William Blake was a precursor of the Romantic Revival in England. In his staunch glorification of the imagination, in his revolt against the bondage and restrictions that society and its institutions imposed on the individual man, in his mysticism and his symbolic interpretation of thought and feeling and his simplicity of expression, Blake indeed is a harbinger of romantic poetry in England.
Romanticism laid considerable stress on the elements of imagination, nature worship, humanitarianism, liberty, mysticism and symbolism. It differed from the outlook expounded by the preceding age of Neo-classicism which promoted the notion of reason, balance and logic with regard to prose and poetry. The Romantic creed of poetry rests on recording the simple emotions of humanity in a simple diction.
The poetic creed of William Blake is based on imagination. He says: “Mental things are alone real; what is called corporal, nobody knows its dwelling place; it is a fallacy, and its existence an imposture. Where is the existence out of mind or thought? Where is it, but in the mind of a fool?” Blake’s nature of work is imaginative or visionary and it is an endeavor to restore what the Ancients called the “Golden Age”. Blake’s imaginative faculty is evinced in his concept of God Explained in ‘The Devine image’ where he says that God is the creative and spiritual power in man:
“And all must love the human form.
In heathen, Turk or Jew;
Where Mercy, Love and Pity dwell
There God is dwelling too.”
Blake’s poems are not only visionary but they also brood over the spiritual freedom or spiritual salvation of mankind. Blake was greatly affected by the sight of the miseries of the chimney-sweepers and the children of the Sunday school. In ‘Holy Thursday’ Blake’s sympathetic and compassionate heart shares the agony of the children and his pent up feelings are let out through an ironical comment:
“Beneath them sit the aged men wise guardians of the poor,
Then cherished pity, lest you drive an angel from your door.”
The most characteristic feature of Blake’s poems is that they are based on his ‘visions’. These visions are peopled with angels, gods and goddesses. Ultimately this implies that the poetic inspiration or poetry itself is divine and sacred. ‘The Garden of Love’ and ‘The Divine Image’ are the poems where the poet projects his philosophy of godliness and divinity.
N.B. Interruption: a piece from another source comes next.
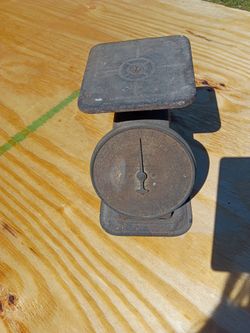 Universal Antique Cast Iron Kitchen Scale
In Blake’s poems nature is associated with rejuvenation stimulants such as the sound of the bell in the spring season and the merry voices of thrush and sparrow. In the ‘The Echoing Green’ it echoes the happiness of the children:
“The sun does arise
And make happy the skies.
The Merry bells ring
To welcome the Spring.”
Blake’s poetry is highly symbolic. In his poems he used such symbols which are to be found even in some of the juvenilia in ‘Poetic Sketches’ to express increasingly subtle and complex intellectual distinctions. Blake’s symbols are too large and complex to be given in brief. His symbols help to express his visions which may be obscure to a common reader. In his poems there are innocence symbols such as children, sheep, wild birds, wild flowers, green fields, dawn, dew, spring, and associated images, like shepherds, valley, and hills. Then there are energy symbols such as lions, tigers, wolves, eagles, noon, summer, sun, fire etc. He had also used sexual symbols, corruption symbol, and oppression symbols.